Tuesday, March 29, 2011

How Many Digressions Can a Novel Have? Any?

Let's start with one of my favorite episodes from one of my favorite novels.  Huck wanders ashore and witnesses the cold-blooded daylight murder of a drunk named Boggs.  A lynching party gathers to get the murderer, Colonel Sherburn.  Well, Sherburn faces down that mob, calls them cowards, calls all of mankind cowards, and off the mob goes, to their various houses, tails between their legs.  And that's not all.  In the next scene, Huck goes off and sees a CIRCUS!  A circus, I mean, what the hey?  After the chilling mordant scene with Sherburn, Twain can't think of anything better to do than to take us to a circus!  Strange thing is, it works, but the even stranger thing is, neither one of these episodes, neither the one with Sherburn or the visit to the circus, has ANYTHING TO DO WITH THE STORY!
Jim's not in either one of them.

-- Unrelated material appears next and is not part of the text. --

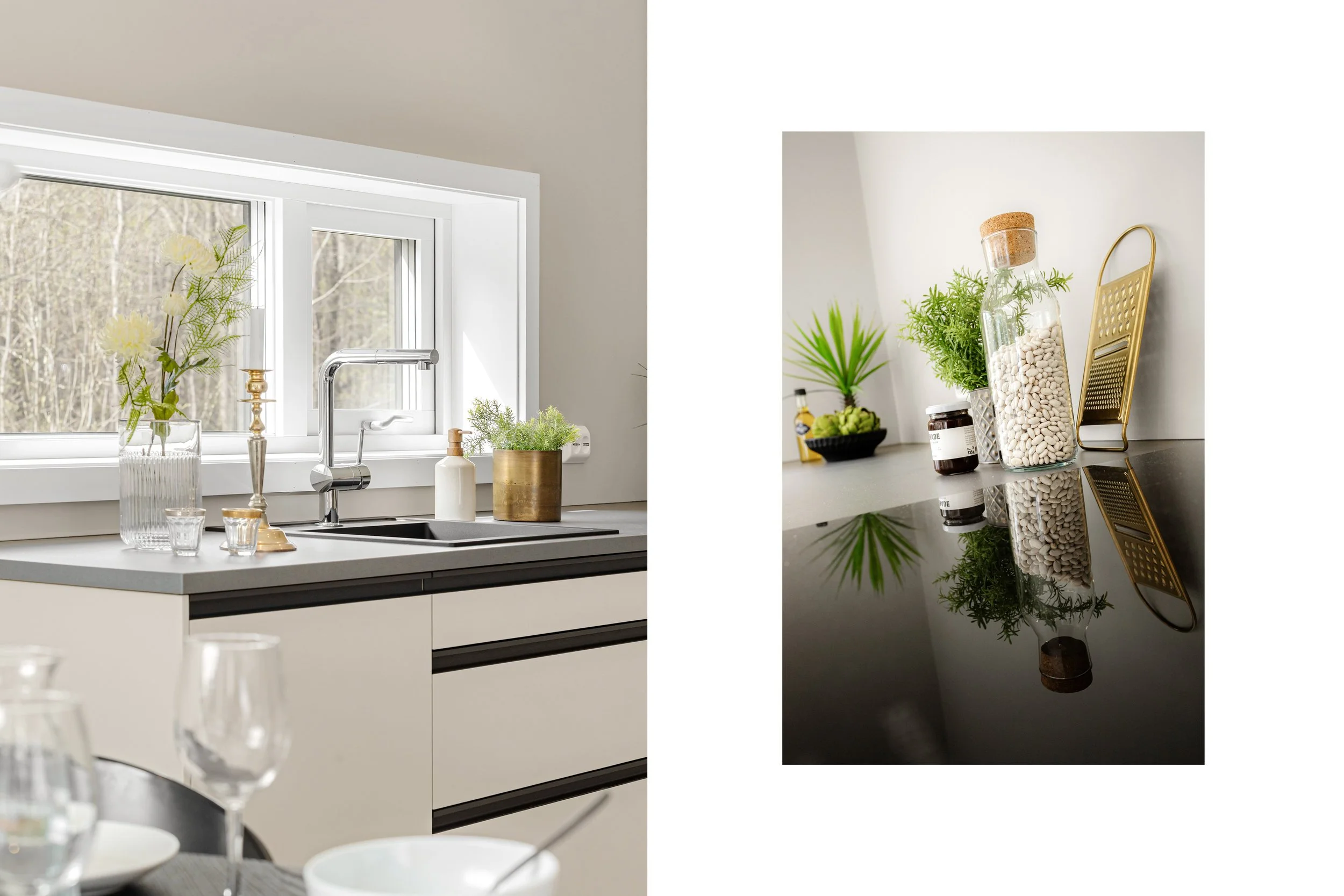 Rene linjer og moderne design preger kjøkkenet.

You could take both sections out, without marring the story in the least.  Now of course, part of this has to do with the fact that Huck Finn is a picaresque, so a lot of the episodes are kind of random anyway, but then what about that other great novel, Moby Dick.  Take all of the inner chapters - the digressions if you will - the chapters on whiteness, on why it's impossible to draw a whale, about whether whales have faces, or how whales can see - take all of that out of Moby Dick, and what's left would be as short as, well, Huck Finn.
Again, none of that stuff directly affects the story, or even indirectly as far as I can tell.
I think every novelist has at least one (I have three) "learning novel" in a bottom drawer or an old flashdrive somewhere, a botched attempt at a novel, begun with all the enthusiasm and hope of youth and inspiration, and somewhere along the way becoming abortive, and finally being abandonned as the mishapen lump it is.  I would venture to say that 99% of the time, what leads to the death of a learning novel is too damn many digressions.  The novel forgets what it's about and starts chasing interesting butterflies, and next thing you know, you end up with a muddle that isn't one thing or another.
So how come Twain and Melville get away with digressions?  More importantly, how can the rest of us?  I've thought about this very carefully and here is my answer.
I don't know.
I think, however, it has something to do with how well the digression serves the overall structure, sometimes overtly and sometimes occultly, of the novel.  Put more simply, a good digression seems to be a digression, seems to be leading away from the point of the novel, but actually is leading us into it.  The crude master of this is Charlie Dickens.  Stuff will appear in his novels that seems utterly out of place - a grave robbing scene?  What's that doing there?  Amusing, of course, but it hardly belongs in Tale of Two Cities, does it?  Then twelve chapters, later, lo and behold, it does have to do with the plot, because it just so happens...
Dickens can't get along without his "just so happens" moments; I swear he should title at least one chapter in each of his novels, "It Just So Happens..."
Melville's and Twain's digressions don't pay off in the Dickensian sense - there's no revelation later of the significance of a seemingly irrelevant side-plot.  But when Huck resolves to "light out for the territory" because he's had enough of being "sivilized" part of what's behind it is the chilling speech he heard from Sherburn.  And when Ishmael is hanging onto Quequeg's coffin, awaiting rescue from the Rachel, we know we've have been on an odessy with him - not around the world, but around the whale - Moby Dick's subtitle is, remember, The Whale - and that's what it is - the novel itself is a whale, and like the levianthan can not be seen from all sides in one go, and so Melville needs his digressions just to give us the sense of scale.
Or something like that.
Anyway, what was my point?  Oh, yes.  A good digression isn't beside the point.  It is the point.